Training Data Errors

Quantifying Error in Training Data for Mapping and Monitoring the Earth System Workshop Proceedings

A Workshop on “Quantifying Error in Training Data for Mapping and Monitoring the Earth System” was held on January 8-9, 2019 at Clark University, with support from Omidyar Network’s Property Rights Initiative, now PlaceFund. The goals of the workshop were to:

  1. Summarize the current state of knowledge on the quantification of training data errors and its impacts on machine learning-based methods for generating Earth Observation maps. 
  2. Identify potential sources of error in new training data streams;
  3. Use case studies to quantify how training data errors impact the usability of downstream maps; 
  4. Define best practices for quantifying and reporting i) training data error and ii) its contribution to overall map error. 

The primary workshop outcome will be a peer-review paper (see pre-print here). This site provides additional links to presentations and other resources resulting from the workshop.

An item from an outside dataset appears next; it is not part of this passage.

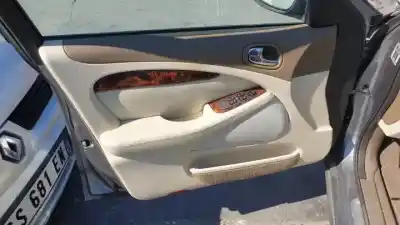 Здавання транспортного засобу jaguar s-type d/7g року 2004 потужний 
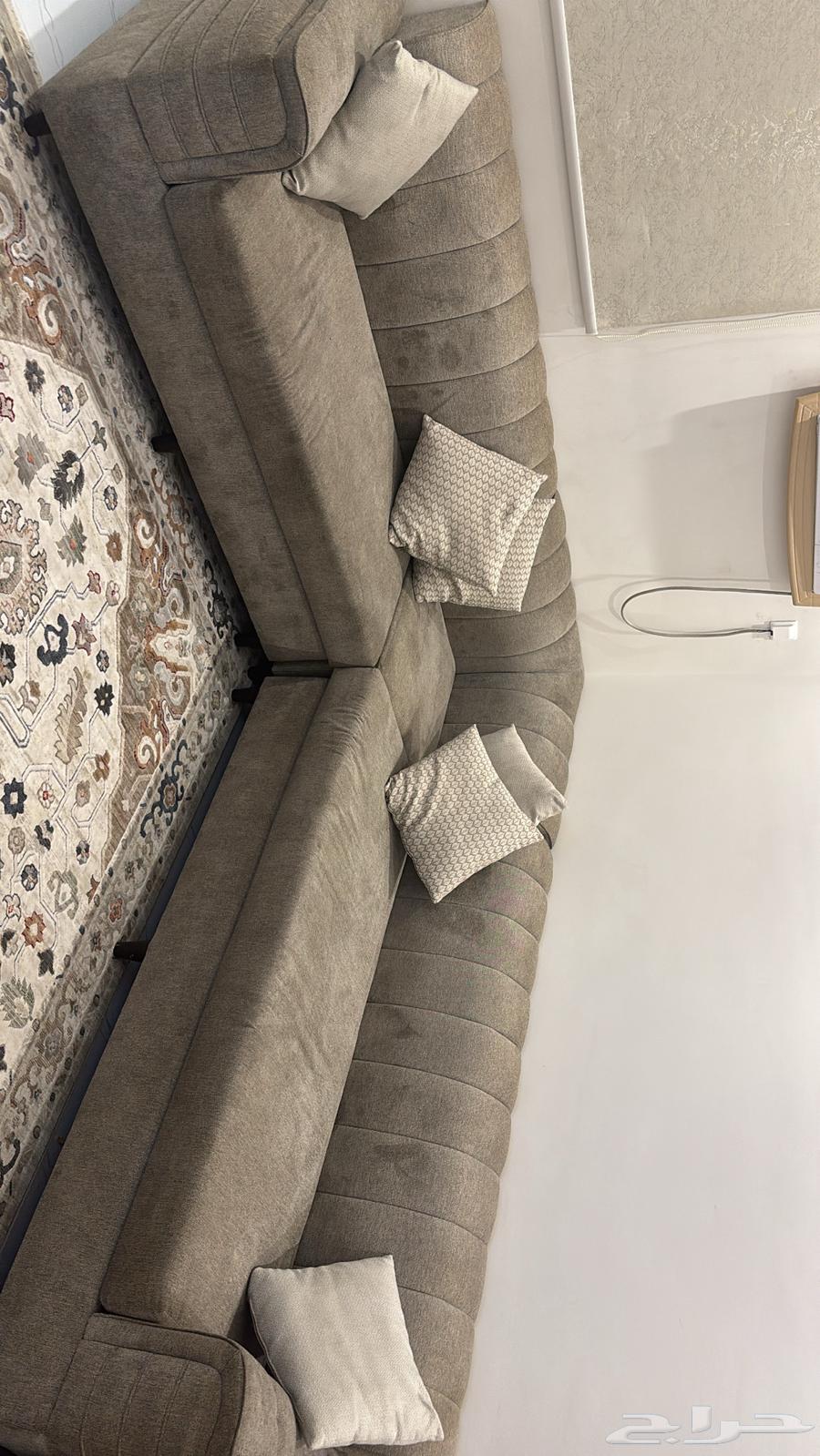 Sofas and tables64385817535875113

NASA ML4EO Workshop Proceedings

Radiant Earth Foundation hosted an international expert workshop to discuss how best to use machine learning (ML) techniques on NASA’s Earth Observation (EO) data and address environmental challenges. In particular, generation and usage of training datasets for ML applications using EO were discussed. Participants of the workshop evaluated recent advancements, identified existing obstacles and developed a best practices guideline to enhance the adoption of these techniques. This workshop was sponsored by the NASA Earth Science Data Systems (ESDS) program.

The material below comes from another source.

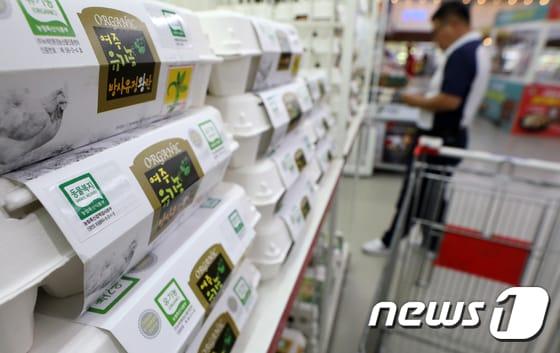 본문 이미지 - 서울의 한 대형마트 매대에 동물복지 인증을 받은 달걀이 진열돼 있다.  (사진은 기사 내용과 무관함) 뉴스1 ⓒ News1 구윤성 기자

Analysis Ready Data Interoperability

The ARD and STAC interoperability workshop, which took place on August 13 – 15 at the USGS Menlo Park Campus, was dedicated to discussing interoperability between commercial data sources of imagery and public datasets. Participants presented different approaches to data harmonization with an emphasis on determining standard approaches and practical recommendations on standards for Analytics Ready Data.


Spatio Temporal Asset Catalog

STAC helps to make geospatial assets openly searchable and crawlable.  Essentially, STAC lowers technology friction and allowing one to search, acquire, and analyze imagery across multiple archives, as well as to significantly enhance program outcomes.